269 F.3d 528 (5th Cir. 2001)

THE HOUSTON EXPLORATION COMPANY, Plaintiff-Appellee,

v.

HALLIBURTON ENERGY SERVICES, INC., Defendant-Appellant,

No. 00-30724

United States Court of Appeals, Fifth Circuit

October 22, 2001

Page 529

Appeal from the United States District Court For the Eastern District of Louisiana

Before DAVIS and JONES, Circuit Judges, and PRADO[*], District Judge.

W. EUGENE DAVIS, Circuit Judge:

The Houston Exploration Company ("THEC") sued Halliburton Energy Services, Inc. ("Halliburton") for damages incurred when THEC's gas well blew out after Halliburton conducted drill stem testing on the well.
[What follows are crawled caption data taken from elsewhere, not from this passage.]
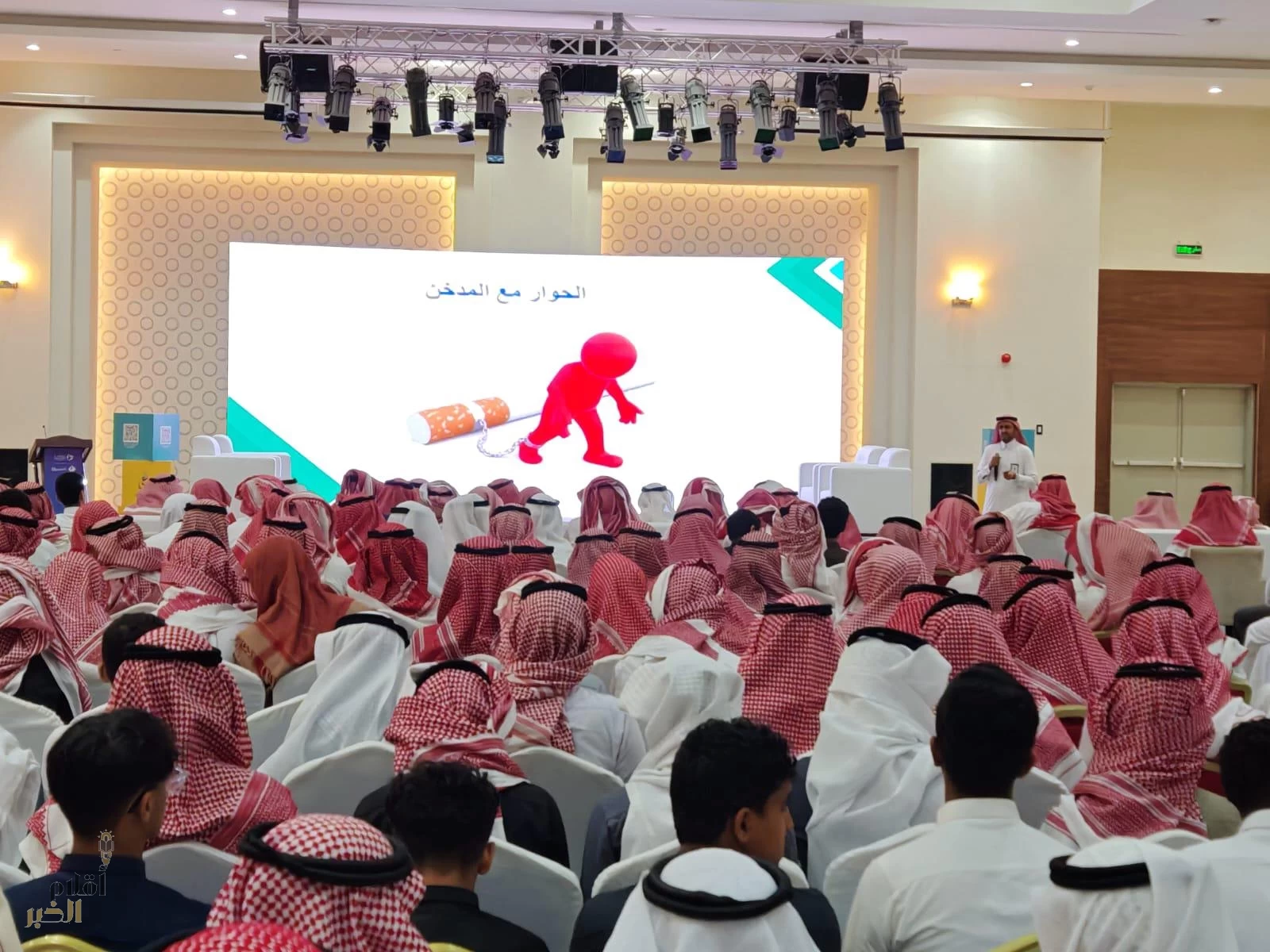فريق الصحة النفسية في بيئة العمل يشارك في مبادرة دن وأكسجين
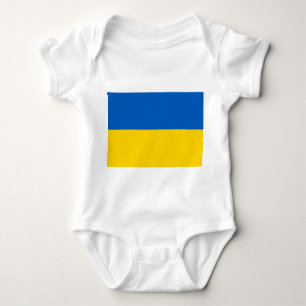 Patriotic baby bodykosti med flagga Ukraina T Shirt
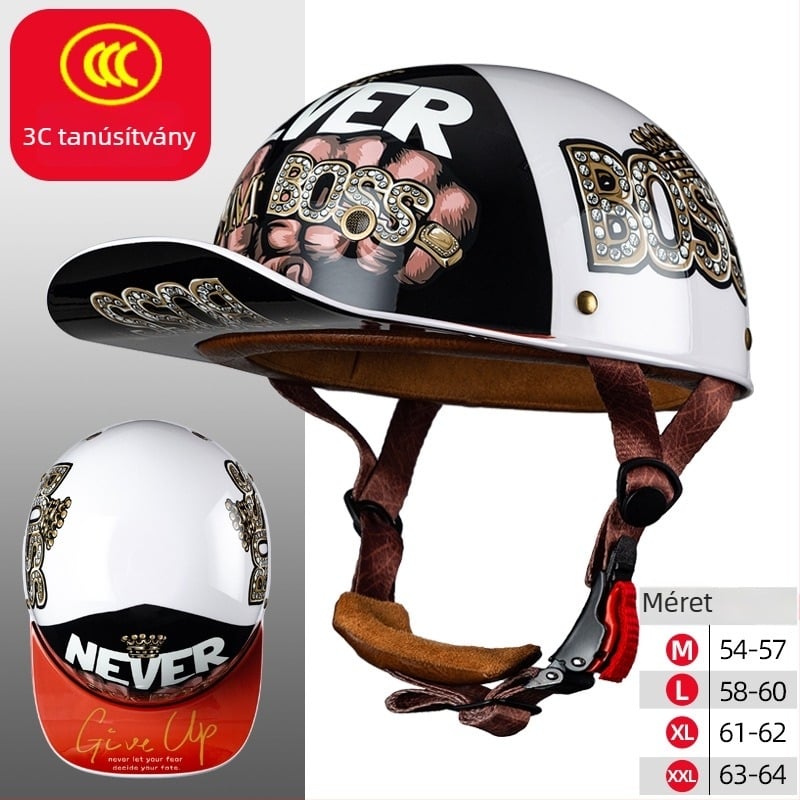 Retro fél sisak elektromos kerékpárhoz, uniszex, négy évszakos, könnyű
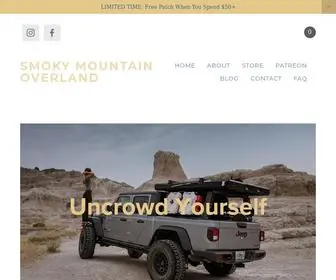 Smoverland.com(Smoky Mountain Overland) Screenshot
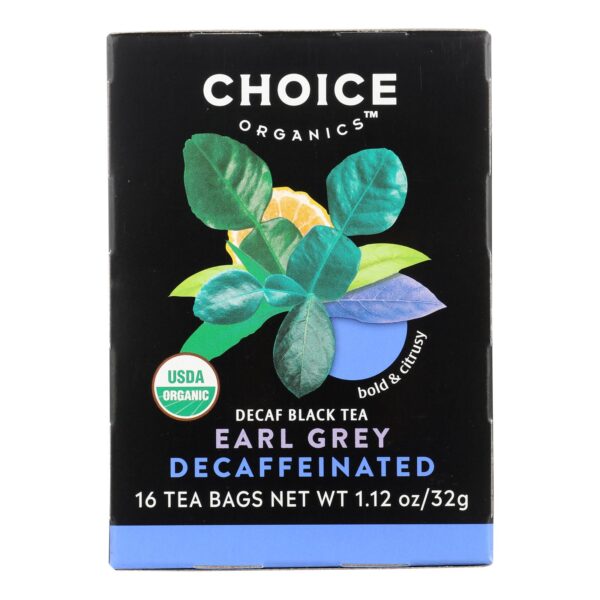 Choice Tea Earl Grey Decaf Tea 16 Tea Bags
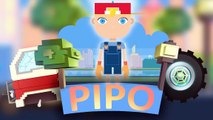 Feuerwehrauto & Polizeiauto | Pipo und sein Abschleppwagen I Cartoons für Kinder die Minec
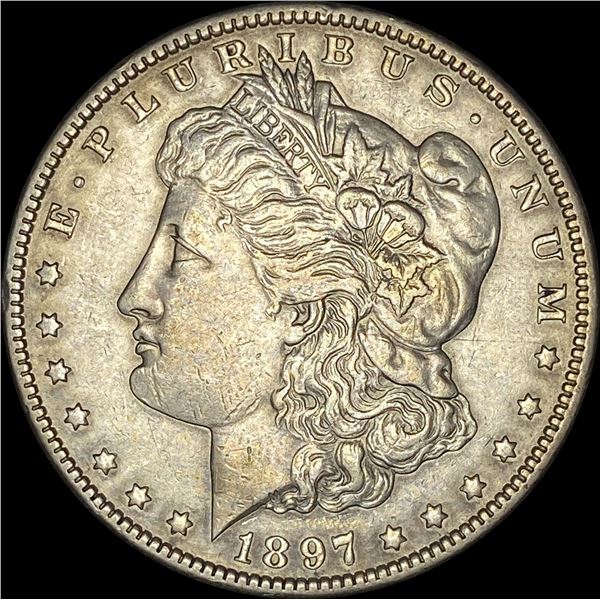 1897 Morgan Silver Dollar NEARLY UNCIRCULATED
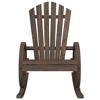 vidaXL Rocking Adirondack Chair Chaise Lounge Seating Furniture Solid Wood Fir - Dark Brown - 4 of 4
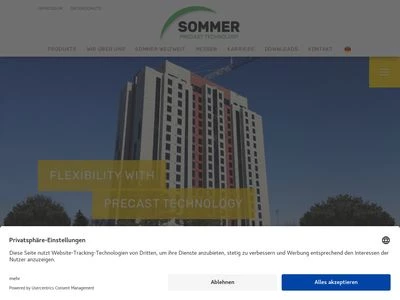 Website von SOMMER Anlagentechnik GmbH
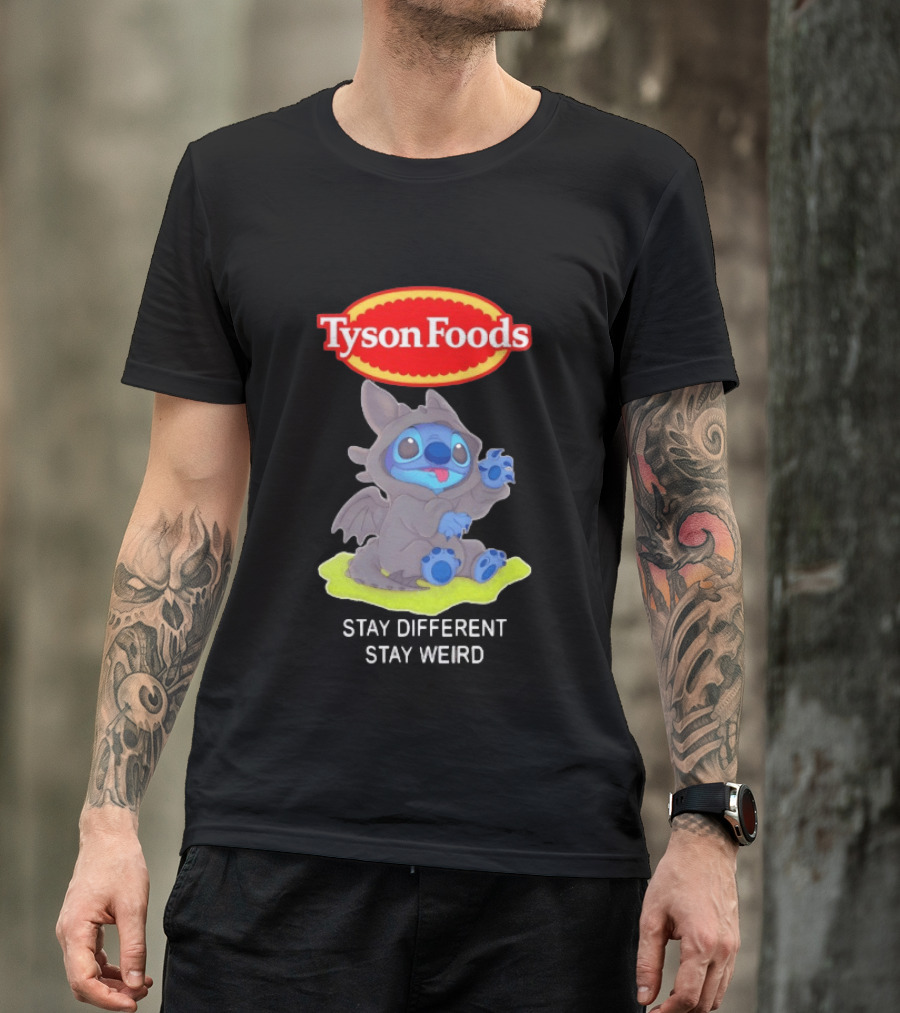 Tyson Foods Toothless Stitch Stay Different Stay Weird T-Shirt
At trial, Halliburton argued that it was shielded from liability under an indemnity agreement between Halliburton and THEC, which required THEC to release and indemnify Halliburton. Finding that Halliburton's conduct constituted gross negligence, the district court refused to enforce the indemnity agreement and entered a judgment for THEC. Halliburton now appeals, arguing that it was not grossly negligent, and thus, that the indemnity agreement should be enforced. Because we conclude that the district court clearly erred in finding that Halliburton's conduct amounted to gross negligence, we vacate the judgment of the district court and remand the case for further proceedings consistent with this opinion.

I.

The facts giving rise to this action are largely undisputed. THEC owned a natural gas well, known as Well C-1 ("the Well"), located on the Outer Continental Shelf in the Gulf of Mexico offshore of Louisiana, which blew out on May 31, 1997. Pursuant to a Work Order Agreement, THEC contracted with Halliburton to perform drill stem testing operations on the Well. Significantly, the Work Order Agreement required THEC "to defend, indemnify and hold Halliburton . . . harmless from and against any and all liability, claims, costs, expenses, attorney's fees and damages . . .

Page 530

resulting from . . . [l]oss of well control." The blowout that is the subject of this litigation occurred after Halliburton completed the third of three drill stem tests.

Drill stem testing entails perforating natural gas bearing formations at different depths in the well to determine at what depth or depths the well should be completed. One tool necessary for the test is a Halliburton tool known as an Internal Pressure Operating ("IPO") valve. The IPO valve is a tubular tool fitted with one or more pins, which will shear when the variance between the internal pressure in the hollow core of the valve and the external pressure surrounding it reaches a preset differential. Each pin is designed to shear at a pressure differential of 610 psi; thus, the total pressure differential required to open the ports is 610 psi multiplied by the number of pins. When the IPO's pins shear, ports in the valve open, allowing the well fluid to circulate inside and outside the drill stem. In this way, the IPO valve acts as a back-up circulating valve, which circulates mud or fluid through the well in the course of the well testing operations. It is not designed to function as a well control device.

At the time of the blowout, Halliburton's practice was to ship IPO valves from its tool shop fitted with only one pin. The Halliburton tool operator would then calculate the number of pins required for the job, open the valve, inspect it, and fit it with the correct number of pins. In this case, Halliburton shipped three IPO valves to the rig: first, two valves with serial numbers 374 and 154, and later, a valve numbered 351.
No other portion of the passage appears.